This section deals with general Perl language issues that don't
clearly fit into any of the other sections.

=head2 Can I get a BNF/yacc/RE for the Perl language?

No, in the words of Chaim Frenkel: "Perl's grammar can not be reduced
to BNF.  The work of parsing perl is distributed between yacc, the
lexer, smoke and mirrors."

=head2 What are all these $@%* punctuation signs, and how do I know when to use them?

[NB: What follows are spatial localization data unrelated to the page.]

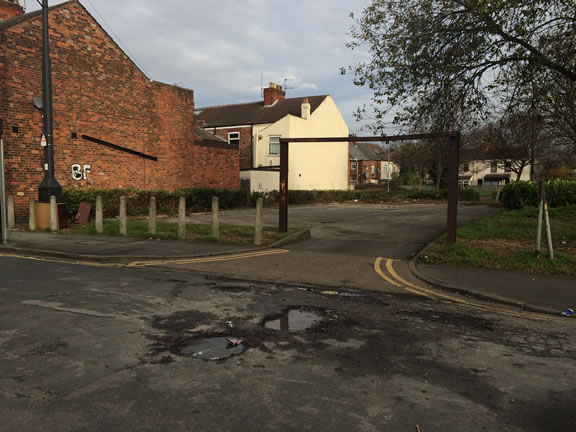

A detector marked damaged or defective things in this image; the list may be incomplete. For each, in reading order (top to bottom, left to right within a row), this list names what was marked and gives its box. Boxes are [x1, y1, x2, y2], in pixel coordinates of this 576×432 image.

pothole [264, 308, 326, 332]
pothole [179, 338, 244, 362]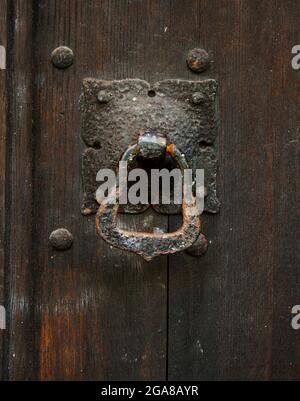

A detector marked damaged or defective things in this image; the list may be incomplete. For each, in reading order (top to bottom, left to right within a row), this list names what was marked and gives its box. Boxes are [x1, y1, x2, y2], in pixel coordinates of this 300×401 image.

corroded metal [96, 139, 202, 260]
corroded metal [79, 79, 220, 216]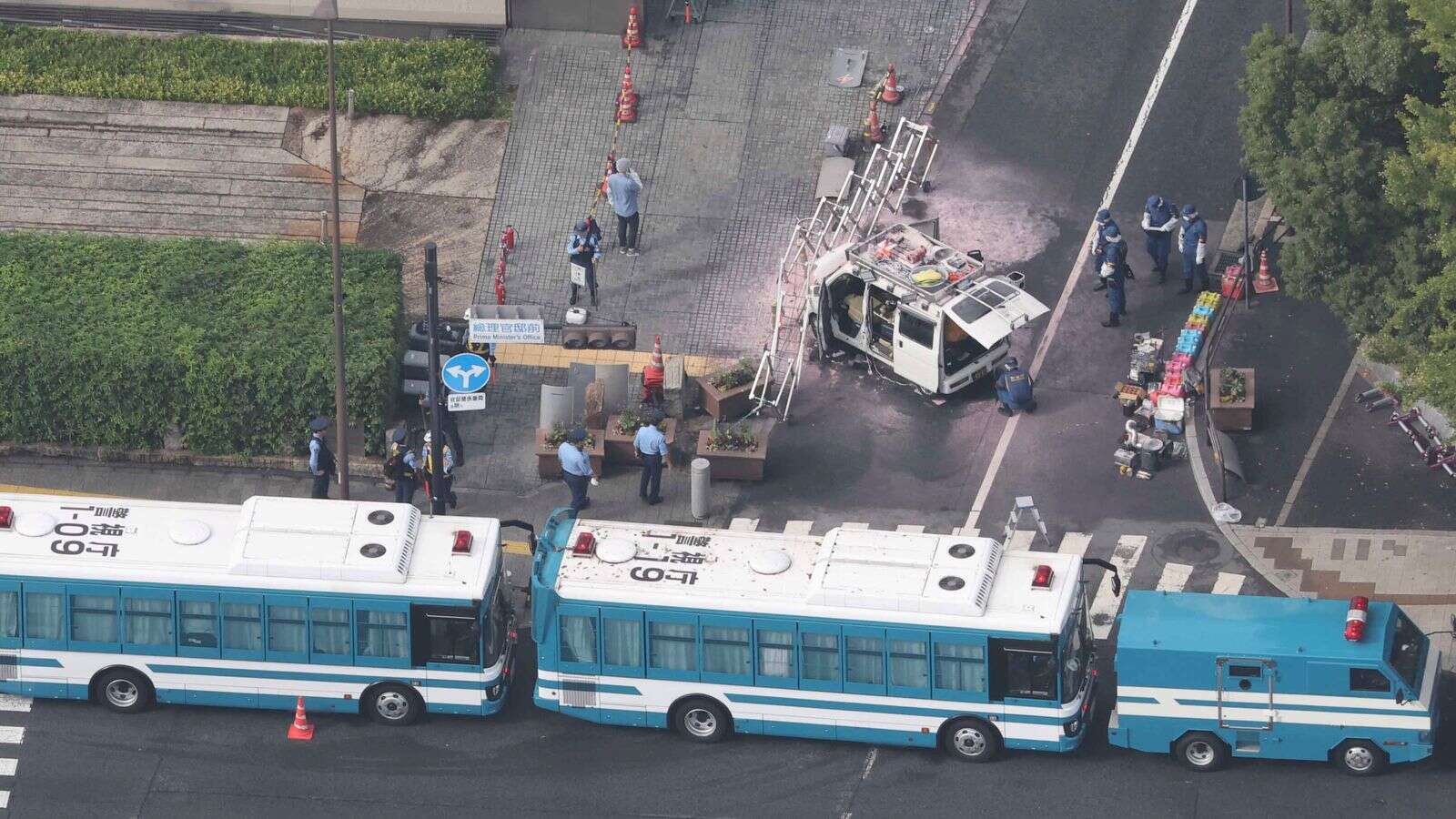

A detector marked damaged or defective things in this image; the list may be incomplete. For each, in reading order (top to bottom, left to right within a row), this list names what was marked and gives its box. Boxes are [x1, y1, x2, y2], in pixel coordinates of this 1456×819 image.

burned white van [809, 219, 1048, 393]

They are type specifiers, as detailed in L<perldata>:

    $ for scalar values (number, string or reference)
    @ for arrays
    % for hashes (associative arrays)
    * for all types of that symbol name.  In version 4 you used them like
      pointers, but in modern perls you can just use references.

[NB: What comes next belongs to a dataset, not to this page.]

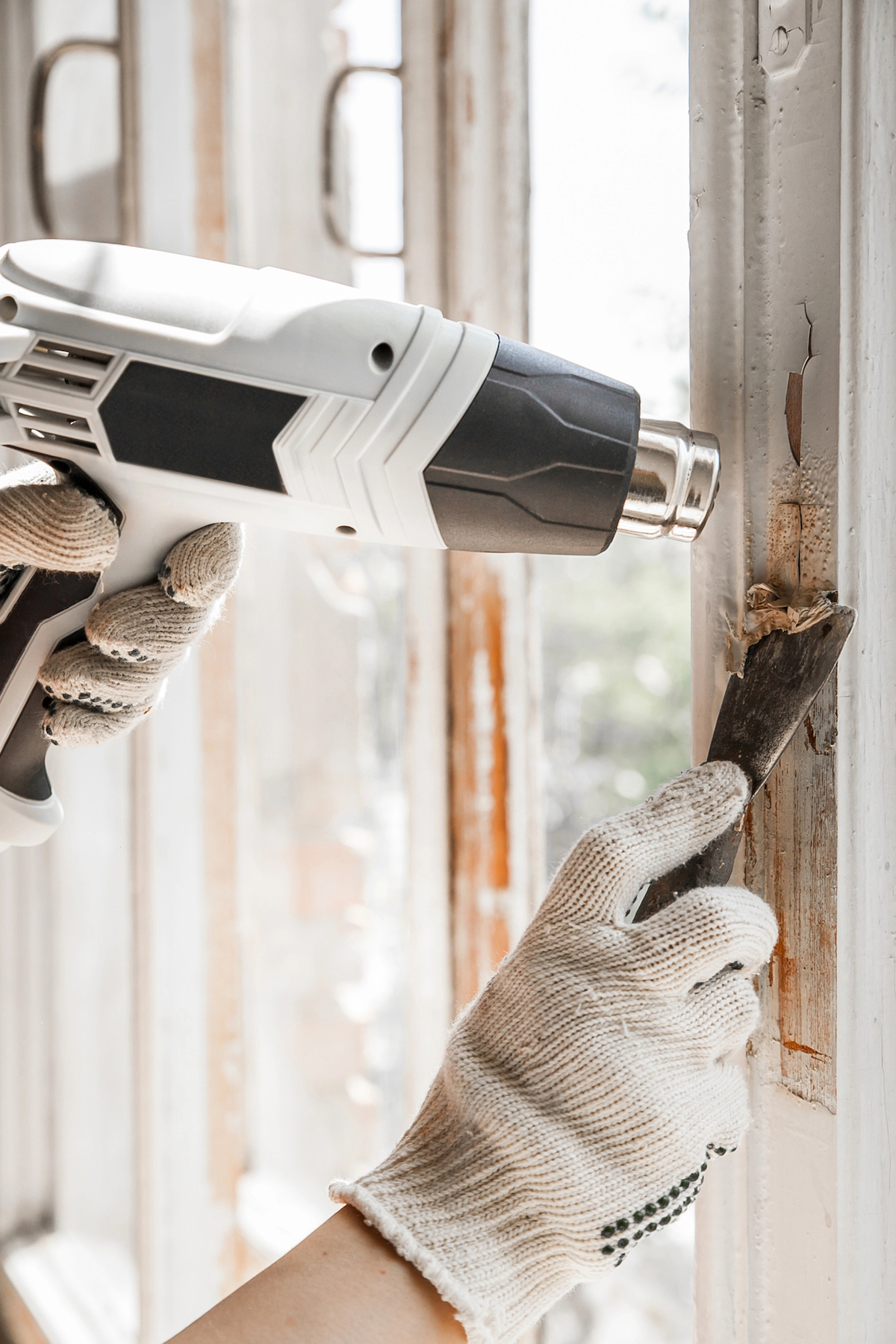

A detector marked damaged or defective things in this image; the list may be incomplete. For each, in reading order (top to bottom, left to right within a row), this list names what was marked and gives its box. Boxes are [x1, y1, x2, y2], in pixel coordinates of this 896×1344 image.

rusted surface [448, 553, 511, 1009]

While there are a few places where you don't actually need these type
specifiers, you should always use them.

A couple of others that you're likely to encounter that aren't
really type specifiers are:

    <> are used for inputting a record from a filehandle.
    \  takes a reference to something.

Note that E<lt>FILEE<gt> is I<neither> the type specifier for files
nor the name of the handle.  It is the C<E<lt>E<gt>> operator applied
to the handle FILE.  It reads one line (well, record - see
L<perlvar/$/>) from the handle FILE in scalar context, or I<all> lines
in list context.  When performing open, close, or any other operation
besides C<E<lt>E<gt>> on files, or even talking about the handle, do
I<not> use the brackets.  These are correct: C<eof(FH)>, C<seek(FH, 0,
2)> and "copying from STDIN to FILE".

=head2 Do I always/never have to quote my strings or use semicolons and commas?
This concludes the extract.